He was supposedly the warm-up act. He was Tim Isberg, a singer-songwriter from Fort Macleod, Alberta. And I was supposedly the main event, offering a talk about veterans’ stories, and how I came by them. But, as I sat there waiting for Isberg to finish his set, I was mulling over a problem in my head. I wasn’t quite sure where to start my presentation. Suddenly, I paid attention to what Isberg was singing.
“Listen to the voice,” he sang in a calming sort of way. “Listen to the voice calling me … calling you.”
And it hit me. All week long, I’d been organizing my thoughts for this presentation, loosely based on a book about veterans’ post-traumatic stress disorder, but I hadn’t decided whose experience, whose story to start with. Then, this voice in my head – yes, a voice calling me – suggested I tell the story of an old friend I’d known in the Edmonton area, where I was about to speak.
Chuck Ross’s story related to that famous film footage we see every year during the D-Day anniversary. It’s the movie showing troops inside a landing craft. They’re passing around weapons, waiting for the landing craft doors to open. When they do, you can plainly see the men dashing toward gunfire on a beach. It’s film of Canadians landing on Juno Beach on June 6, 1944.
“I’d always wondered how that incredible film footage was captured,” I explained the Alberta audience. “I’d researched the subject and read that the film was shot from a camera locked down at the back of the landing craft…”
The problem was I didn’t believe it. So, I told my audience, I went searching for an eye-witness. That led me to Chuck Ross from Edmonton. About age 20 when he enlisted, Ross knew how to operate a camera, so the army made him a cinematographer in the Canadian Film and Photo Unit (CFPU), shooting action footage of troops liberating Italy, France, Belgium, Holland and Germany. When I found Ross, he told me that he’d landed on Juno Beach a couple of days after D-Day.
But, I didn’t pop the big question right away about whether or not the famous footage was shot from a locked-down camera. First I asked him about the operation of the camera. He told me it was a Bell & Howell Eyemo camera, powered by a clockwork spring that was wound up with a key, like a child’s toy. The film was 35-millimetre motion picture.
“No wonder the image is so clear and precise,” I said. But now I was getting closer to the issue of the film’s origin. “How much shooting time would one full winding with the key give the camera operator?”
“About 35 or 36 seconds,” Ross said.
“That’s all?” I said. “Well, what do you think of the commonly held belief that the film was actually shot by a camera simply mounted in the back of the landing craft?”
“Not true,” he roared. “It was shot by Bill Grant!” And he proceeded to tell me that Grant’s footage, on D-Day itself was removed from the camera, placed in a sealed can, sent back to England aboard a returning troopship, passed along to London for processing, censor-clearance, editing, and then it was released in newsreel theatres in the U.K., U.S. and Canada within a day or two.
I went on to explain to my audience in Alberta, last Thursday, that CFPU cinematographers travelled with Canadian troops in the front lines, armed only with a camera, tripod and reels of unexposed film.
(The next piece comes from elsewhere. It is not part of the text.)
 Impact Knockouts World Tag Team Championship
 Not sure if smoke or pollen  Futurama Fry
Chuck Ross emphasized that CFPU cameramen got incredible footage not by hiding behind the lines, but by operating alongside the soldiers. As a consequence, Ross said, four of them died of wounds shooting the film, and another 20 were wounded. I suggested to him that he’d experienced extraordinary moments of Canada’s past.
“For some, it’s history,” Ross said. “For us, it will always be yesterday.”
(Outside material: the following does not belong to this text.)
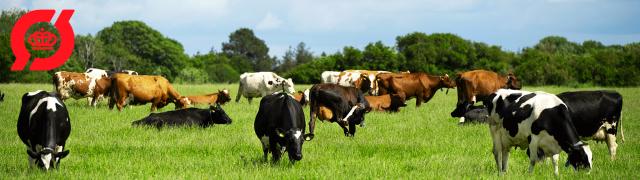 køer på græsplæne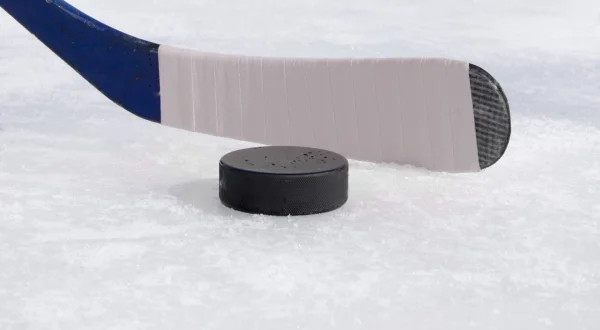 Hockey sur glace : Ligue Magnus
And I realized in that instant, that sometimes a soldier’s PTSD is more obvious than we realize. And as I spoke of other vets and their coping skills last Thursday, I thought some more about Tim Isberg’s “voice,” since he too is a Canadian Forces veteran. He’d served with Gen. Romeo Dallaire in Rwanda, investigating mass graves in the aftermath of the genocide there. During a posting to the Middle East in 2006, Maj. Isberg had assisted the evacuation of refugees from Lebanon.
Then, in Afghanistan, as a language staff officer he ran a literacy program – finding curriculum, teachers and education tools – to help Afghan army, police and civilians learn to read manuals, reports, licence plates and even ID cards.
“I’ve been fortunate my military career was eventful,” he told a reporter from the St. Albert, Alberta, Gazette.
It’s also given him a different voice than most people hear. Sometimes that voice comes through in the lyrics he’s composed and recorded now on several CDs, his most recent “Tears Along the Road.”
But because he’s also a veteran, that voice helps him channel experience and wisdom to others, even if they don’t recognize it immediately.